## EXERCISE INPUT
★ ★ ★
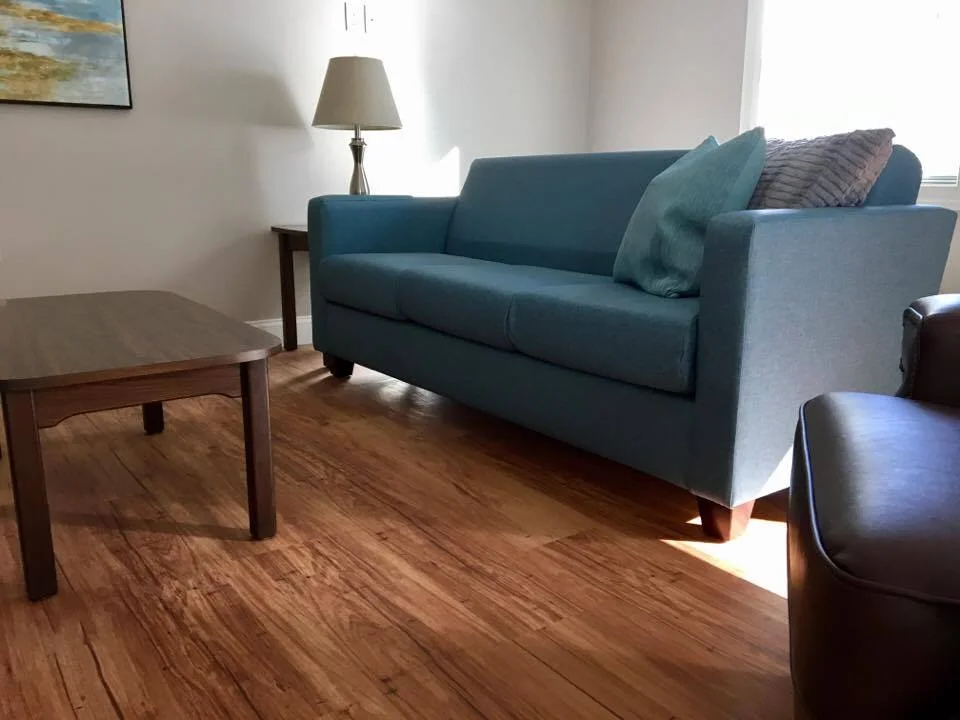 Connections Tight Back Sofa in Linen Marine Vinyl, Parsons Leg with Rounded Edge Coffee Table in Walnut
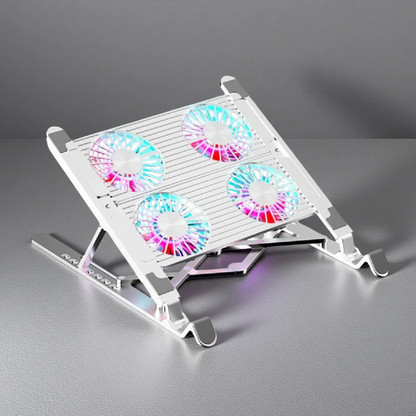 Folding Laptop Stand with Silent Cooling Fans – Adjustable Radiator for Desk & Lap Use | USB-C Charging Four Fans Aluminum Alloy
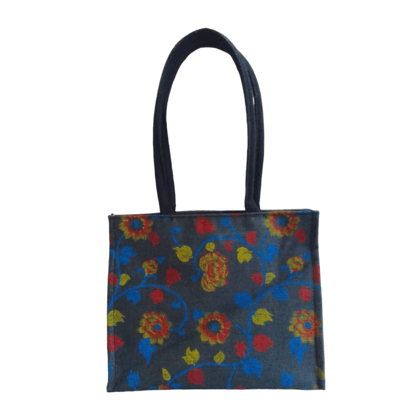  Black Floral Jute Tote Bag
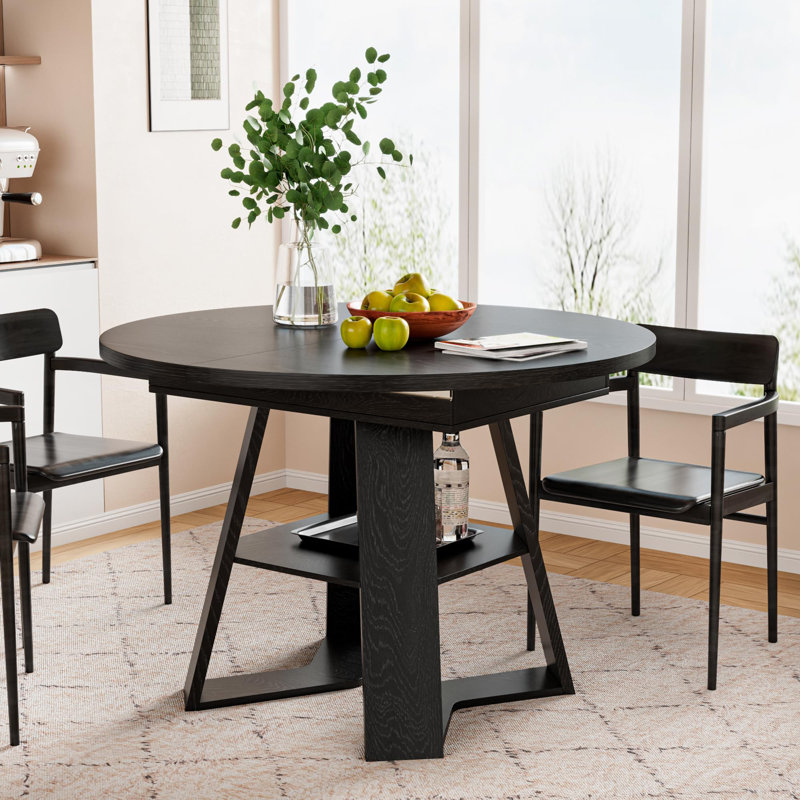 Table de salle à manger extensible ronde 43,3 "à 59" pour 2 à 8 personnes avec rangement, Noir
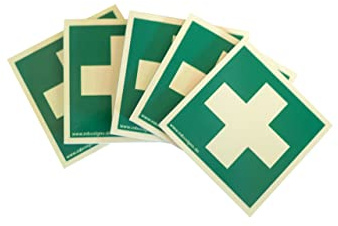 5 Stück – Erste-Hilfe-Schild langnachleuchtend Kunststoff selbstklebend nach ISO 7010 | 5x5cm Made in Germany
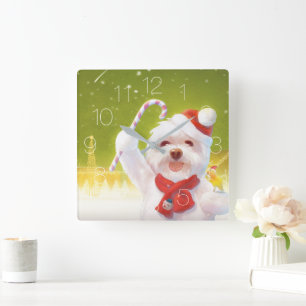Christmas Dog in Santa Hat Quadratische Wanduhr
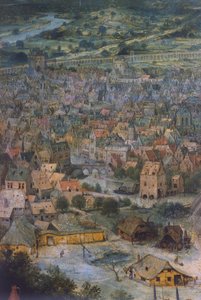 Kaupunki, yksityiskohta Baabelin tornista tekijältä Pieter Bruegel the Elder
★ ★ ★
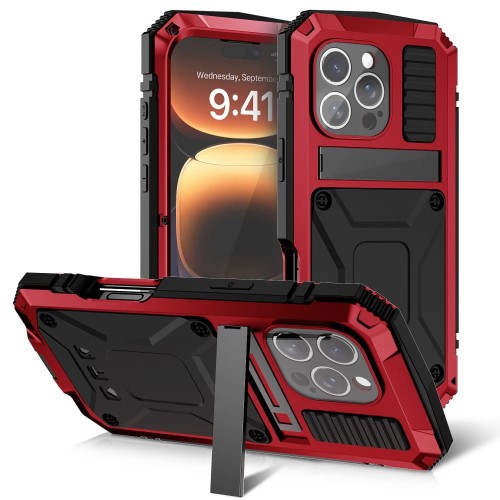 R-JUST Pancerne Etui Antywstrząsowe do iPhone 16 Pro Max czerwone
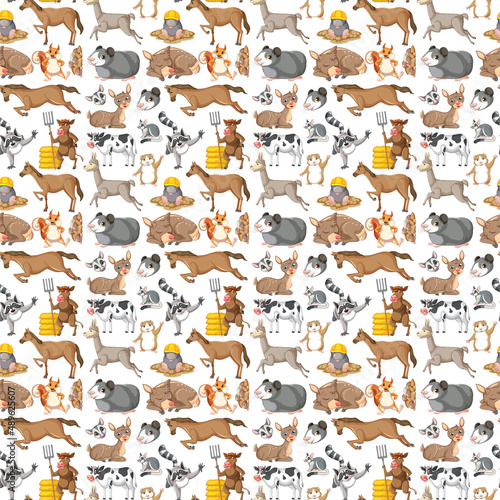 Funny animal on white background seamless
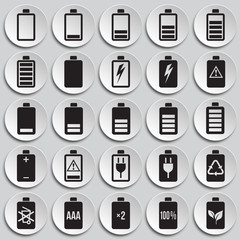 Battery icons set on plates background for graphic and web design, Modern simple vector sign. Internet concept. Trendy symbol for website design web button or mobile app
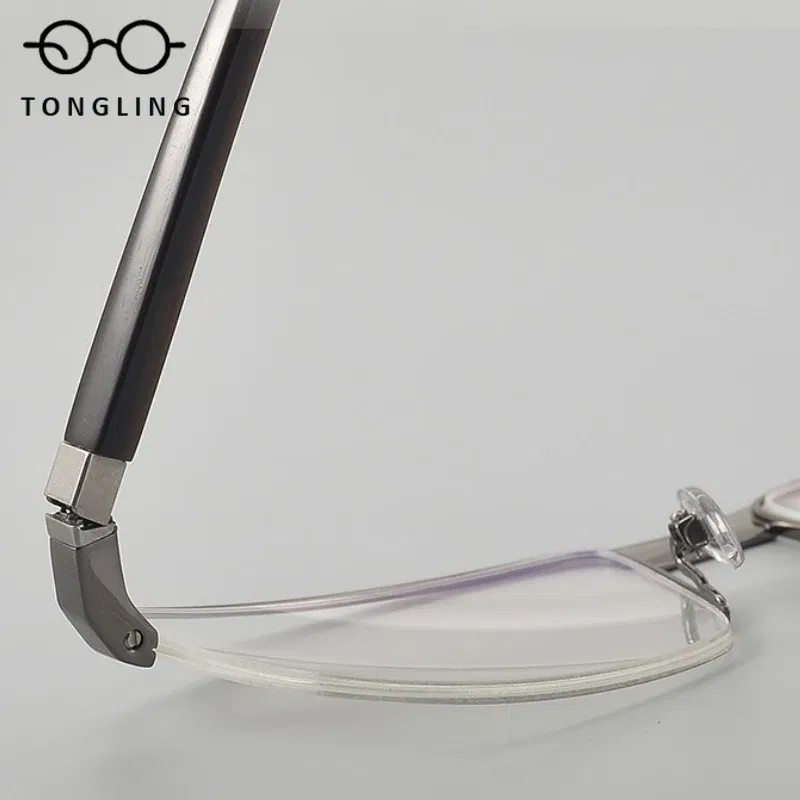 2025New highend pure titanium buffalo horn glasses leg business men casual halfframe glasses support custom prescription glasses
★ ★ ★
## REQUIREMENT
Between and including the line above that contains "Connections Tight Back" and the line that contains "Black Floral Jute Tote Bag", restate every line word for word. Pictures stay out.

## EXERCISE RESPONSE
 Connections Tight Back Sofa in Linen Marine Vinyl, Parsons Leg with Rounded Edge Coffee Table in Walnut
 Folding Laptop Stand with Silent Cooling Fans – Adjustable Radiator for Desk & Lap Use | USB-C Charging Four Fans Aluminum Alloy
  Black Floral Jute Tote Bag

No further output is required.